Taliban Talks Hit a Wall Over Deeper Disagreements, Officials Say – The New York Times

The Afghan president was signing up for nothing less than a gamble, with the details of what might transpire at Camp David vague even to his closest circle of advisers. But stuck in a difficult position, he didn’t have much to lose, a senior official said.

After the talks were called off, the Afghan government blamed the Taliban, saying that the violence was making the peace process difficult. Sediq Sediqqi, a spokesman for Mr. Ghani, lashed out at the Taliban’s political office in Qatar, saying that the group had shown no commitment to peace despite having protection in the Gulf country and freedom of movement.

“The Taliban’s honeymoon in Qatar needs to be ended,” Mr. Sediqqi said.

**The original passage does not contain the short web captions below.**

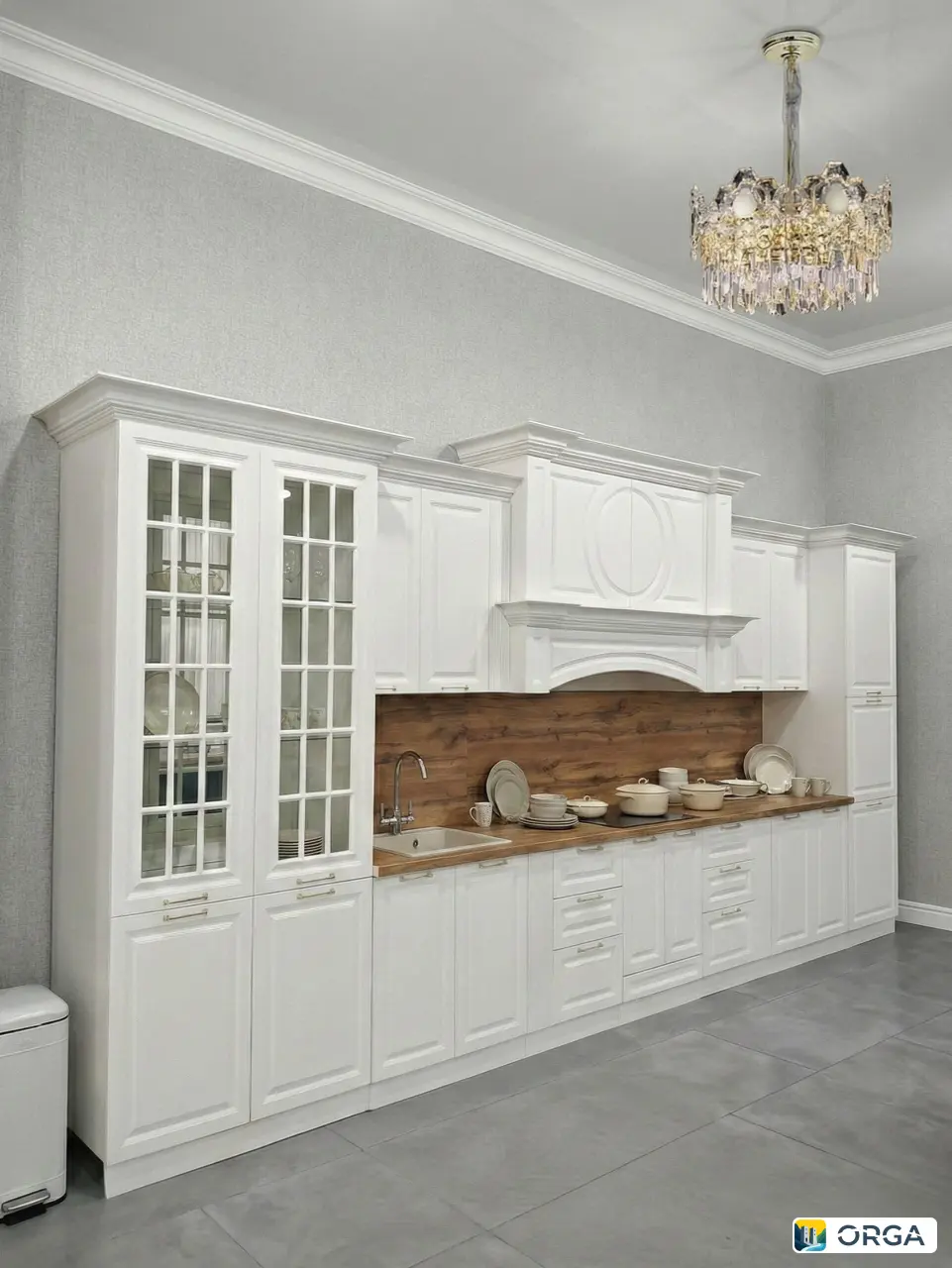 Кухонный гарнитур «Анна» 350×245 см, белый с золотыми элементами, столешница орех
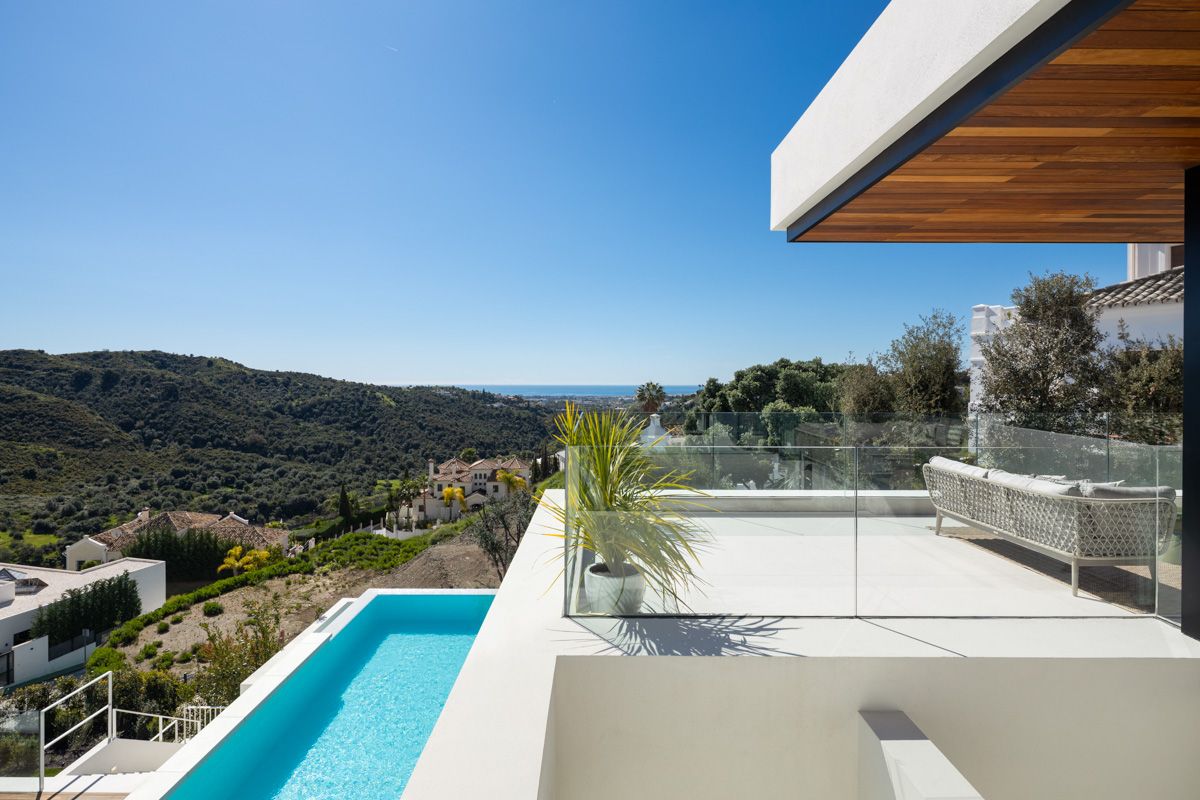 Utility room in 6-bedroom new-build villa, La Quinta, Benahavis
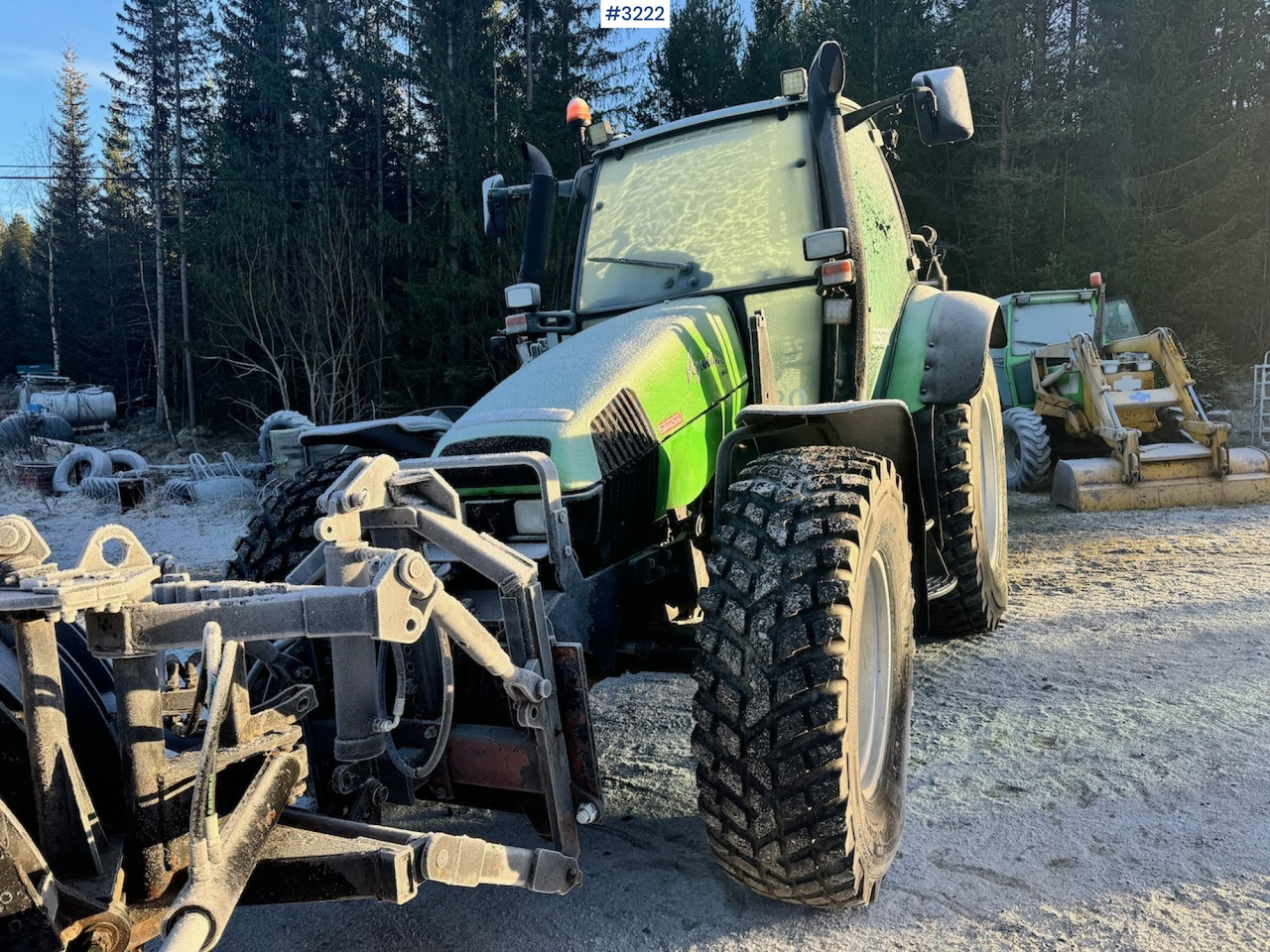 Трактор 2001 Deutz-Fahr Agrotron 120 4x4 tractor with front loader, 2 sets of tires, snowplow mount, and blade.: слика 8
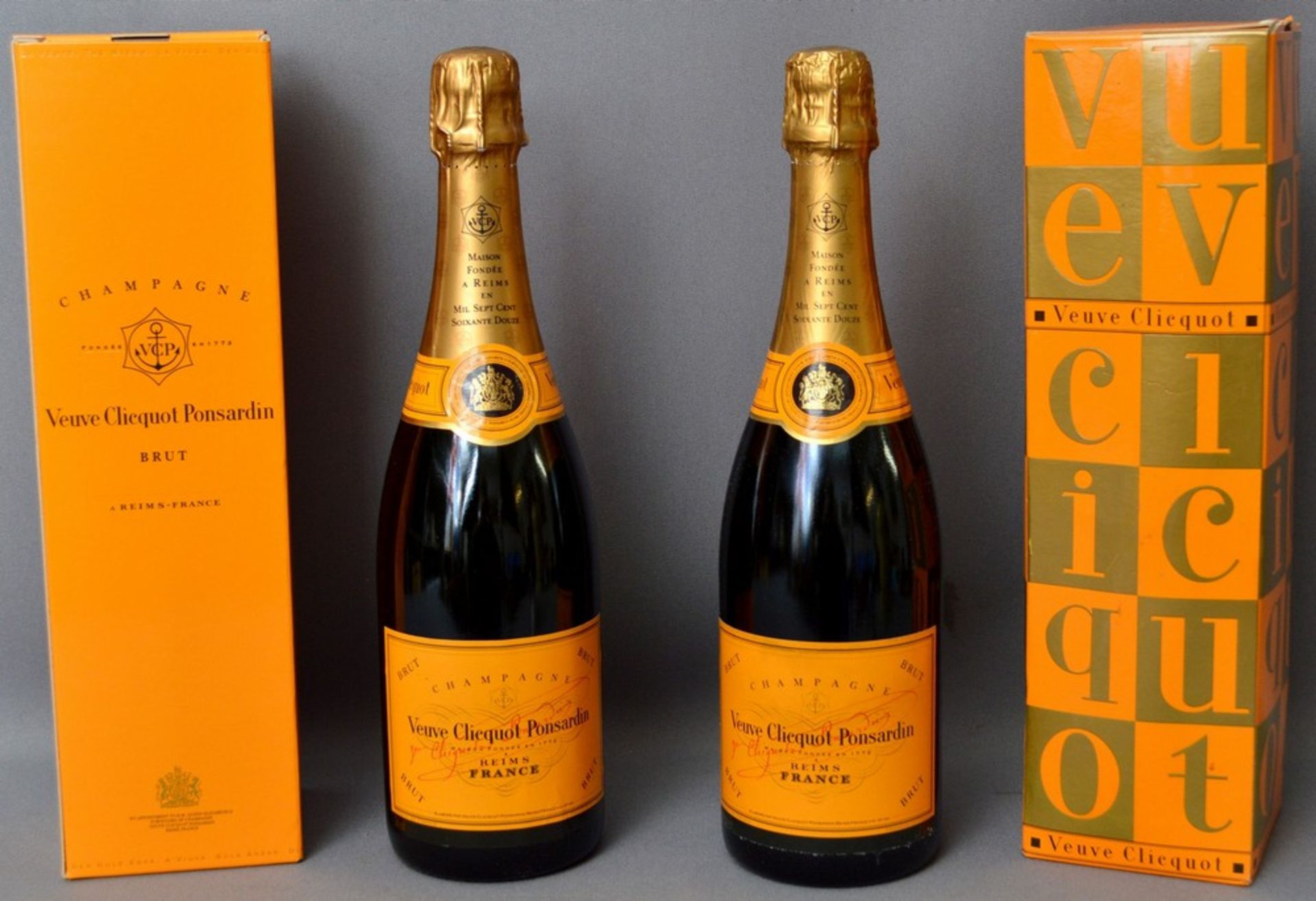 Zwei Flaschen Veuve Clicquot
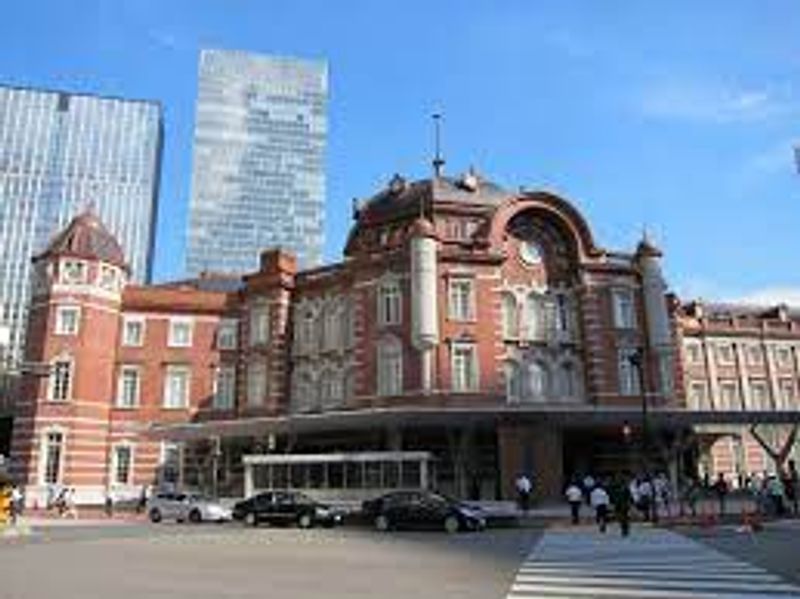 Tokyo Private Tour - Bahnhof Tokyo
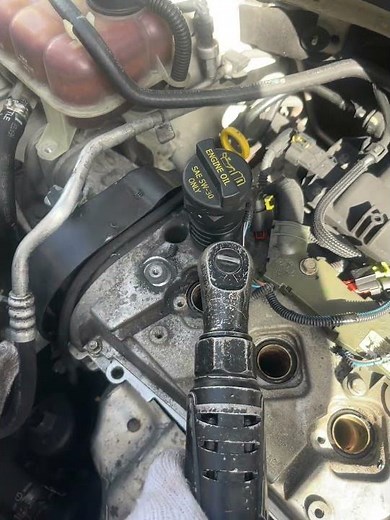 How to replace spark plugs Fiat 500 #automobile #mechanic #whowillbemylifepartnerta #diy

It recent weeks, it had been increasingly clear that the United States and the Taliban, after nine rounds of painstaking negotiations over nearly a year, had ironed out most of the issues between them. The chief American envoy, Zalmay Khalilzad, declared that the agreement document had been finalized “in principle.”

That deal, criticized by Afghan officials for lacking measures that would ensure stability, would include a timeline of about 16 months for a gradual withdrawal of the remaining 14,000 American troops, with about 5,000 of them leaving in 135 days after its signing. In return, the Taliban would provide counterterrorism assurances to ease American fears of repeat of attacks on home soil — such as the attacks by Al Qaeda on Sept. 11, 2001, that precipitated the war in Afghanistan.